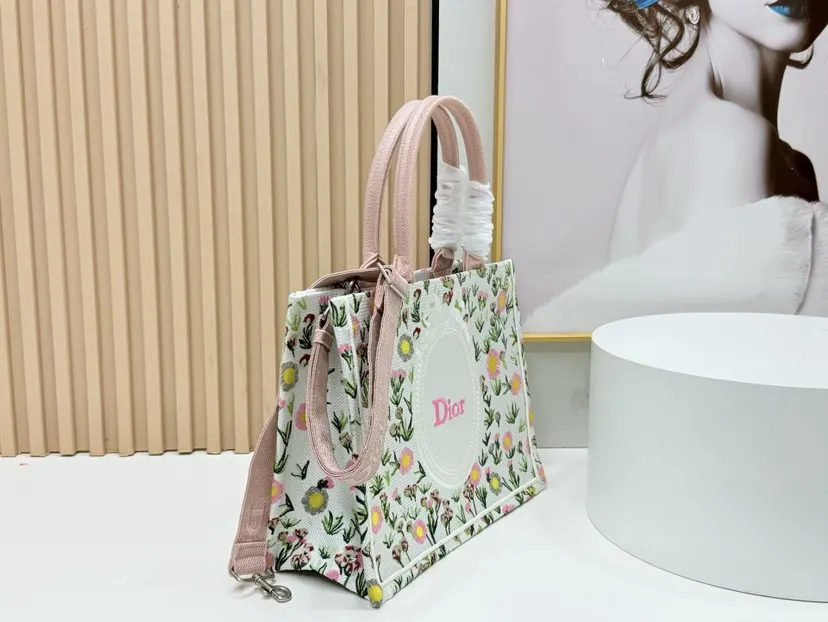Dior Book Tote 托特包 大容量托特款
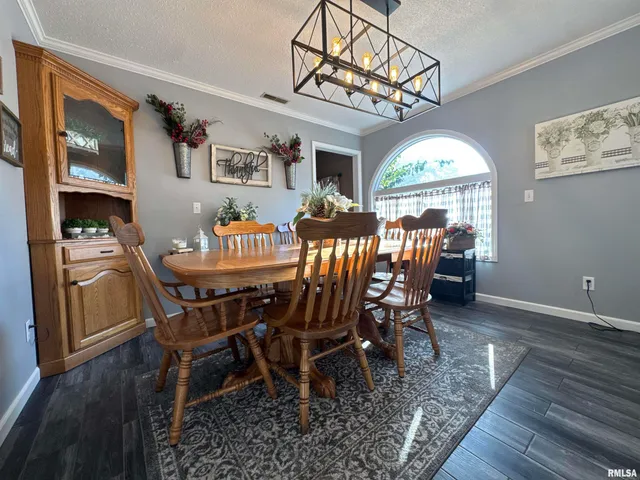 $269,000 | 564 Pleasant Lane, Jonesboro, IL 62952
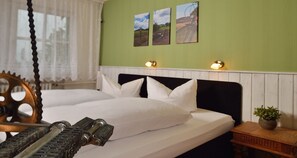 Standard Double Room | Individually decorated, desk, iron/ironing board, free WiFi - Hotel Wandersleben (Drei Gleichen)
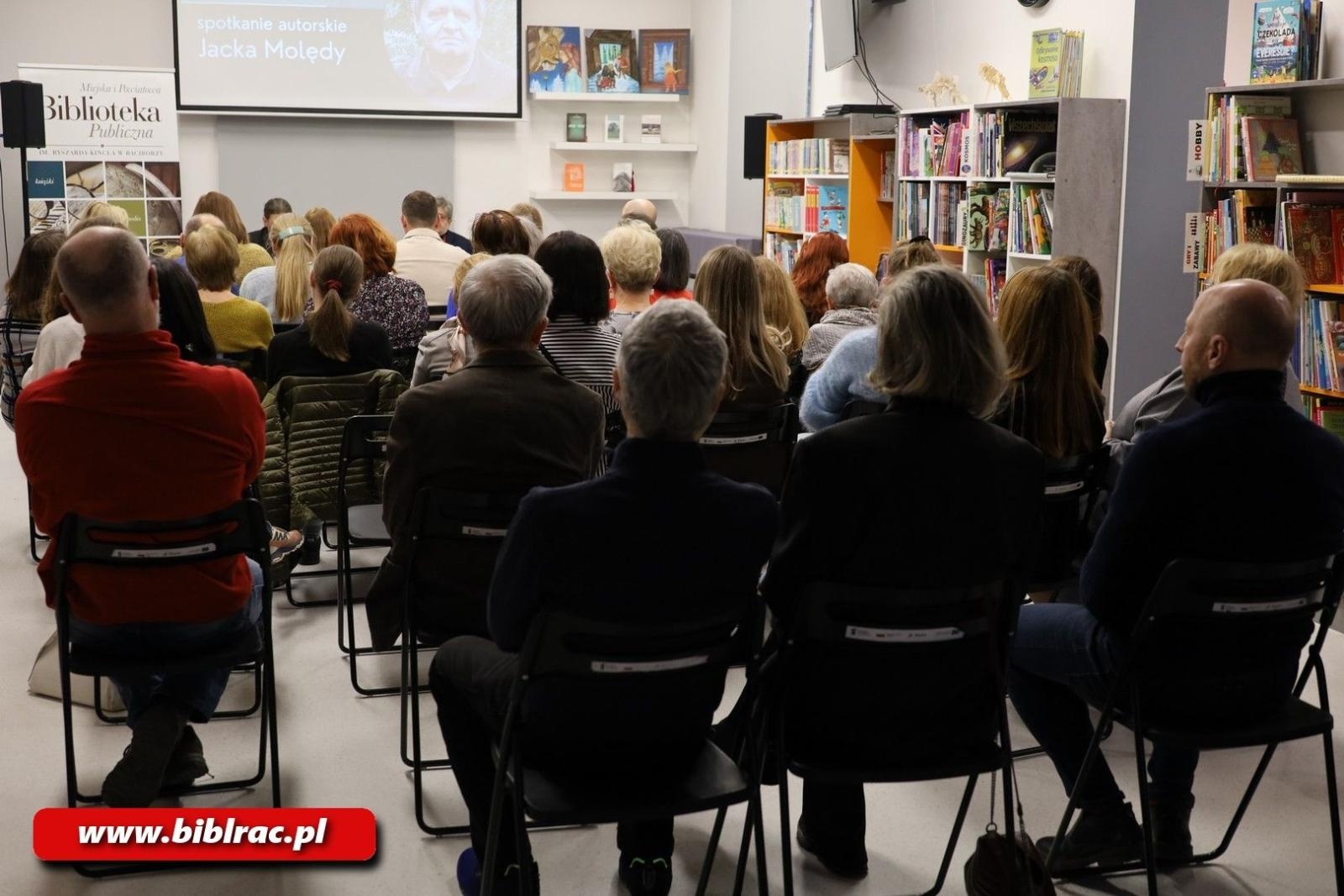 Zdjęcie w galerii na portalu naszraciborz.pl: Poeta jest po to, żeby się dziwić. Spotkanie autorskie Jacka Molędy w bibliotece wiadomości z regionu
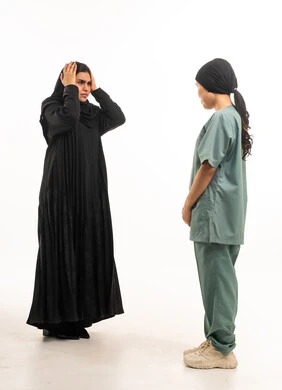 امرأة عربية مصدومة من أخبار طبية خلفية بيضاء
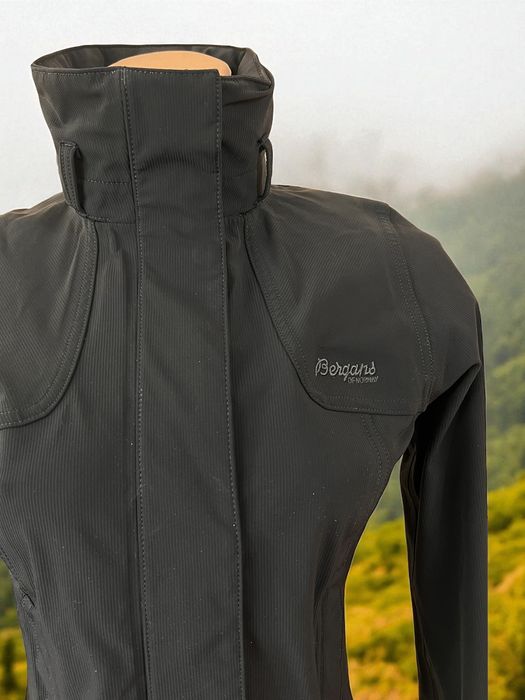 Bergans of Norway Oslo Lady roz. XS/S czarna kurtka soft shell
::::::::
* _Prompt_: Each line above should be written out again exactly, and no picture should appear in the copy.

* _Answer space_:
Dior Book Tote 托特包 大容量托特款
 $269,000 | 564 Pleasant Lane, Jonesboro, IL 62952
 Standard Double Room | Individually decorated, desk, iron/ironing board, free WiFi - Hotel Wandersleben (Drei Gleichen)
 Zdjęcie w galerii na portalu naszraciborz.pl: Poeta jest po to, żeby się dziwić. Spotkanie autorskie Jacka Molędy w bibliotece wiadomości z regionu
 امرأة عربية مصدومة من أخبار طبية خلفية بيضاء
 Bergans of Norway Oslo Lady roz. XS/S czarna kurtka soft shell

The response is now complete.